11 thoughts on “My Father’s only investment”

  1. Although I did not get a PhD.  My parents paid for a deluxe education!, prep school and college.  They always felt education was important. Their only investment besides me was in businesses.

  2. Very moving piece Maria. My parents didn’t pay for college, tuition was free through scholarship and I covered my living expenses with side hustles. But they always said that if I did need money to go to study abroad or do an expensive master I could count on it. Financing the first years taught me the value of money and I found a company to pay for my master. Had I gone for a medicine degree where it is virtually impossible to have a side job, I am sure they would have paid for it, they value education greatly and so do I. Although you don’t need a degree to get by in life, you learn many life skills at uni and they help you face life with more ease.

  3. Your Dad had his priorities right.  My Mum went out to work in a kitchen to pay for my school uniform when I got a scholarship to a Grammar School and I’ll always be grateful.
    Take care and don’t run yourself into the ground (says Grannie Pat).
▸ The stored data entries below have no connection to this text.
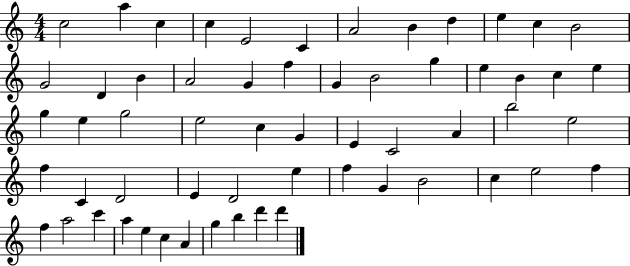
{
  \clef treble
  \numericTimeSignature
  \time 4/4
  \key c \major
  c''2 a''4 c''4 | c''4 e'2 c'4 | a'2 b'4 d''4 | e''4 c''4 b'2 | \break g'2 d'4 b'4 | a'2 g'4 f''4 | g'4 b'2 g''4 | e''4 b'4 c''4 e''4 | \break g''4 e''4 g''2 | e''2 c''4 g'4 | e'4 c'2 a'4 | b''2 e''2 | \break f''4 c'4 d'2 | e'4 d'2 e''4 | f''4 g'4 b'2 | c''4 e''2 f''4 | \break f''4 a''2 c'''4 | a''4 e''4 c''4 a'4 | g''4 b''4 d'''4 d'''4 | \bar "|."
}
  4. That’s a fabulous story – and it could be mine in so many ways.  I am from Croatia, and my dad was a communist idealist too…. With the same priorities as your dad.  Sadly, by the time I reached university the socialism had collapsed, our country was at war, and their savings were gone – and I know my dad always felt like a failure because of that.  Personally, though, no regrets – my life could not have worked out better no matter how hard I tried, and luckily, my dad is still around (83 and still going strong), so this is a timely reminder for me not to waste any time and to make sure that he knows how much I appreciate everything he and Mum had done for me even though things didn’t work out the way they hoped they would !
    So thanks for that 🙂

  5. You  may be tired and maybe you are travelling too much, but never doubt your ability to say something meaningful. I find  I need time to digest your writing and refer back regularly. That is a good sign cos I hate reading things twice!
    Your parents sound like good people who lived through some very hard times, they did what we all try to do – the best we can for our children.
    Try to get some rest.

  6. Wow – that was an incredible tribute to your dad, and I am positive he is very proud of you now, even if he can’t physically enjoy your accomplishments with you. As a history major, I personally found your family’s history fascinating; I’d love to read more about this in future posts!
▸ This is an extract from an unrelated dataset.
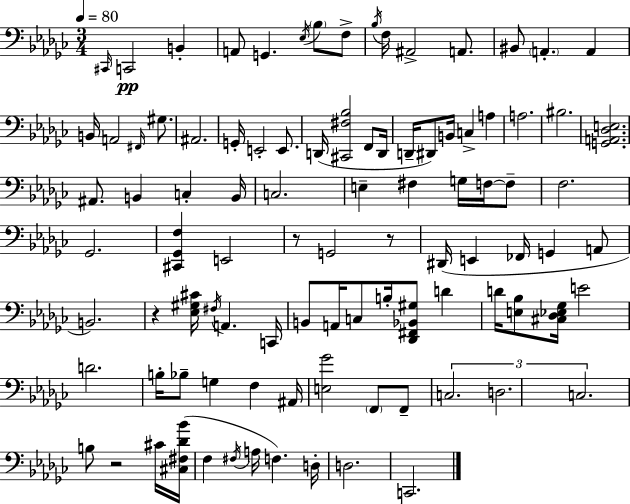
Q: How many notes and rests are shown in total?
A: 96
  7. What a great tribute! Nice to read a post with such respect.
    In a way, this reminds me of my own parents.  They’re old but still around, and I have to say they made real sacrifices to help me with education.  It was probably their biggest investment.

  8. Thank you, guys, for the kind words. Yes, my Dad was a great man. Everytime I am tempted to tell one of our sons that we can’t support him any longer I remember what he did – and my hope soars. We can’t do much but provide opportunities for our children!